When Pacemaker starts up, it automatically records the number and details
of the nodes in the cluster as well as which stack is being used and the
version of Pacemaker being used.

This is what the base configuration should look like.

ifdef::pcs[]
[source,C]
----
# pcs status
Last updated: Fri Sep 14 10:12:01 2012
Last change: Fri Sep 14 09:51:55 2012 via crmd on pcmk-2
Stack: corosync
Current DC: pcmk-1 (1) - partition with quorum
Version: 1.1.8-1.el7-60a19ed12fdb4d5c6a6b6767f52e5391e447fec0
2 Nodes configured, unknown expected votes
0 Resources configured.

Online: [ pcmk-1 pcmk-2 ]

Full list of resources:
----
endif::[]

ifdef::crmsh[]
[source,C]
----
# crm configure show
node $id="1702537408" pcmk-1
node $id="1719314624" pcmk-2
property $id="cib-bootstrap-options" \
	dc-version="1.1.7-2.fc17-ee0730e13d124c3d58f00016c3376a1de5323cff" \
	cluster-infrastructure="corosync"
----
endif::[]

ifdef::pcs[]

For those that are not of afraid of XML, you can see the raw cluster
configuration and status by using the +pcs cluster cib+ command.
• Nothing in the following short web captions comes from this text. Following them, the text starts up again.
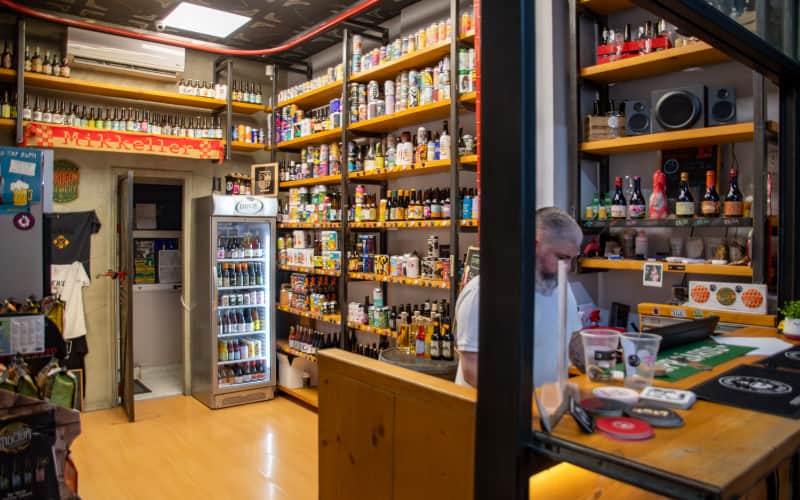 Het interieur van Brew Street met schappen vol bierflessen en koelkasten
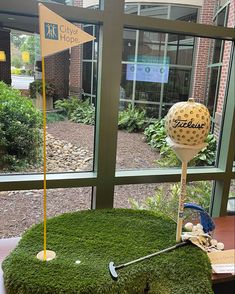 a golf ball on top of a green chair with a hole in the grass next to it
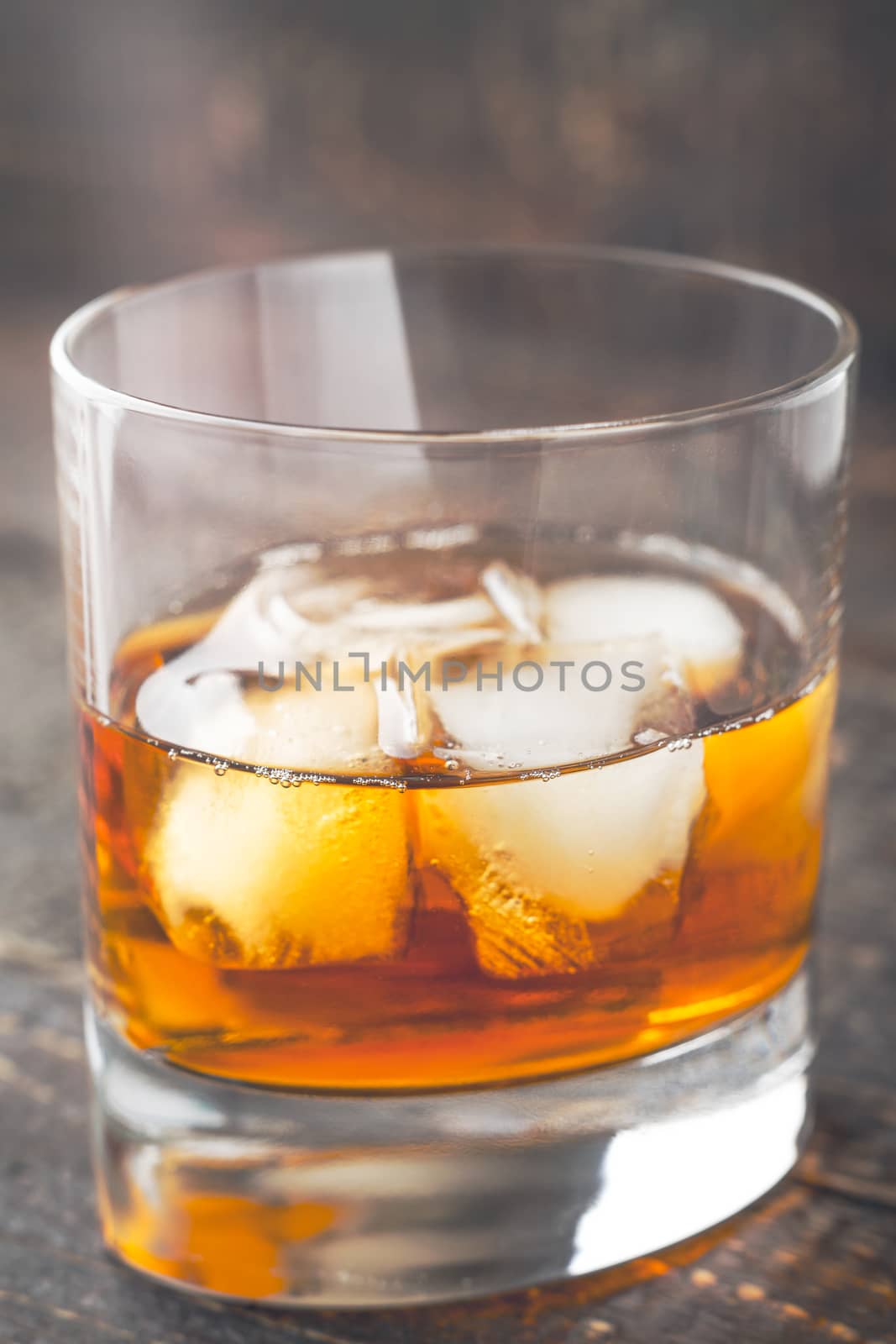 Whiskey with ice  on the wooden table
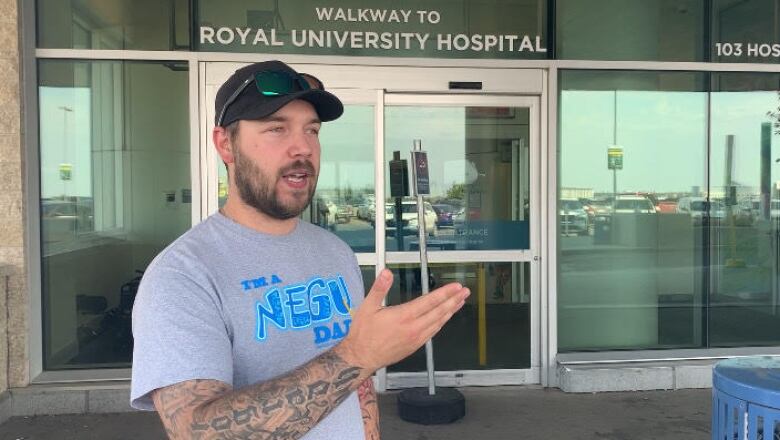 A man stands and gestures in front of the entrance to a hospital during the day.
.The last XML you'll see in this document
======
[source,C]
----
# pcs cluster cib
----
[source,XML]
----
<cib epoch="4" num_updates="19" admin_epoch="0" validate-with="pacemaker-1.2" crm_feature_set="3.0.6" update-origin="pcmk-1" update-client="crmd" cib-last-written="Wed Aug  1 16:08:52 2012" have-quorum="1" dc-uuid="1">
  <configuration>
    <crm_config>
      <cluster_property_set id="cib-bootstrap-options">
        <nvpair id="cib-bootstrap-options-dc-version" name="dc-version" value="1.1.8-1.el7-60a19ed12fdb4d5c6a6b6767f52e5391e447fec0"/>
        <nvpair id="cib-bootstrap-options-cluster-infrastructure" name="cluster-infrastructure" value="corosync"/>
      </cluster_property_set>
    </crm_config>
    <nodes>
      <node id="1" uname="pcmk-1" type="normal"/>
      <node id="2" uname="pcmk-2" type="normal"/>
    </nodes>
    <resources/>
    <constraints/>
  </configuration>
  <status>
    <node_state id="2" uname="pcmk-2" ha="active" in_ccm="true" crmd="online" join="member" expected="member" crm-debug-origin="do_state_transition" shutdown="0">
      <lrm id="2">
        <lrm_resources/>
      </lrm>
      <transient_attributes id="2">
        <instance_attributes id="status-2">
          <nvpair id="status-2-probe_complete" name="probe_complete" value="true"/>
        </instance_attributes>
      </transient_attributes>
    </node_state>
    <node_state id="1" uname="pcmk-1" ha="active" in_ccm="true" crmd="online" join="member" expected="member" crm-debug-origin="do_state_transition" shutdown="0">
      <lrm id="1">
        <lrm_resources/>
      </lrm>
      <transient_attributes id="1">
        <instance_attributes id="status-1">
          <nvpair id="status-1-probe_complete" name="probe_complete" value="true"/>
        </instance_attributes>
      </transient_attributes>
    </node_state>
  </status>
</cib>
----
======
endif::[]

ifdef::crmsh[]
For those that are not of afraid of XML, you can see the raw configuration by appending "xml" to the previous command.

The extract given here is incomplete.